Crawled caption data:
□ □ □

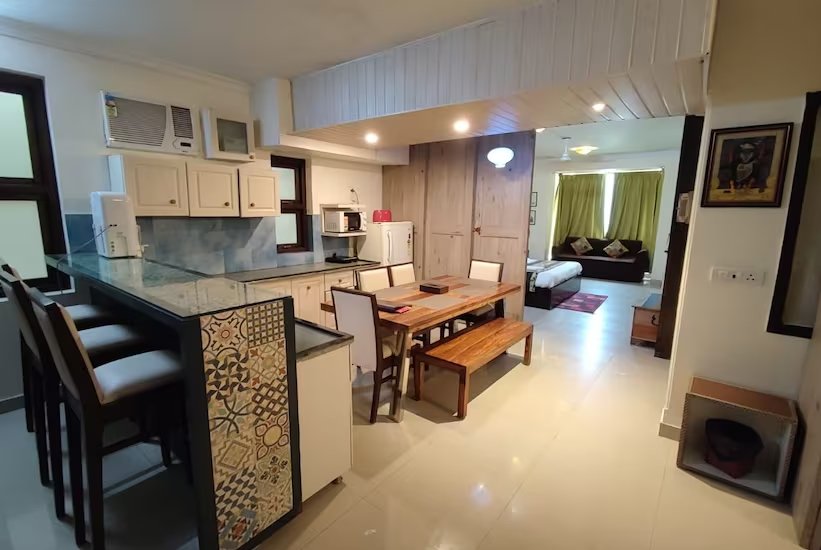 aloha apartment rishikesh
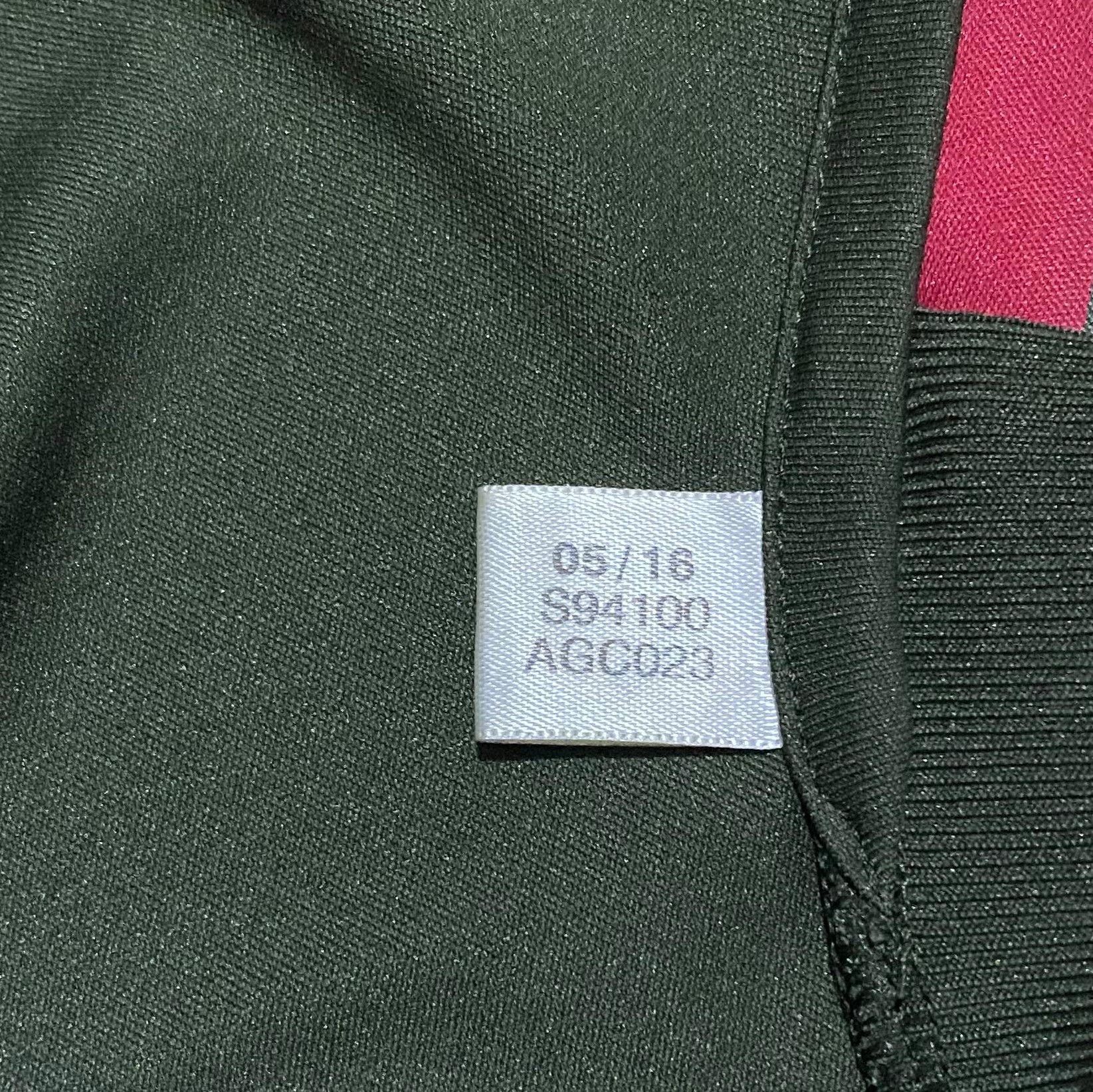 Adidas AC Milan 2016-2017 Third Jersey Carlos Bacca Size US M / EU 48-50 / 2 - 6 Thumbnail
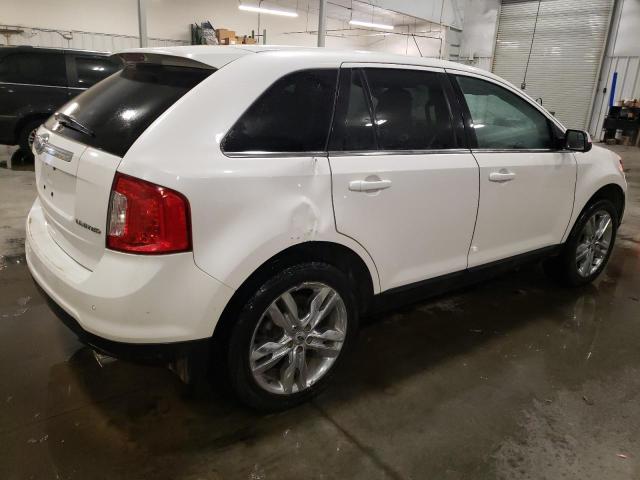 Photo 3 from auction – 2011 FORD EDGE LIMIT with VIN 2FMDK3KC7BBB35610
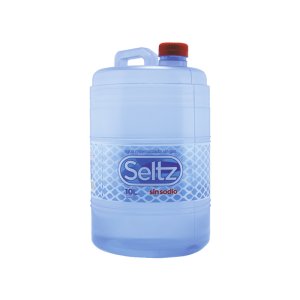 AGUA SELTZ BIDON 20 LT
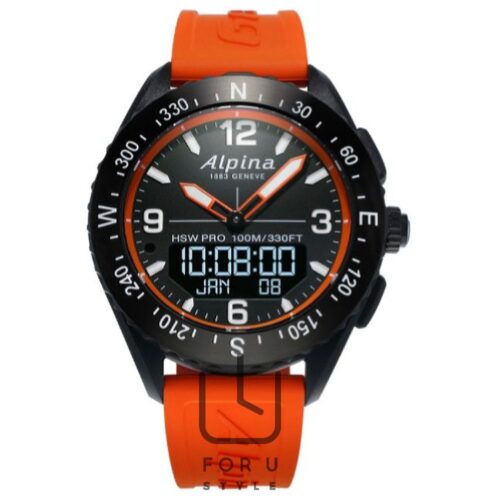 ساعت مچی عقربه ای مردانه, مردانه(هوشمند) آلپینا (Alpina) مدل AL-283LBO5AQ6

□ □ □

YOUR TASK: Omit the pictures and set down the records exactly.

WORKED SOLUTION:
 aloha apartment rishikesh
 Adidas AC Milan 2016-2017 Third Jersey Carlos Bacca Size US M / EU 48-50 / 2 - 6 Thumbnail
 Photo 3 from auction – 2011 FORD EDGE LIMIT with VIN 2FMDK3KC7BBB35610
 AGUA SELTZ BIDON 20 LT
 ساعت مچی عقربه ای مردانه, مردانه(هوشمند) آلپینا (Alpina) مدل AL-283LBO5AQ6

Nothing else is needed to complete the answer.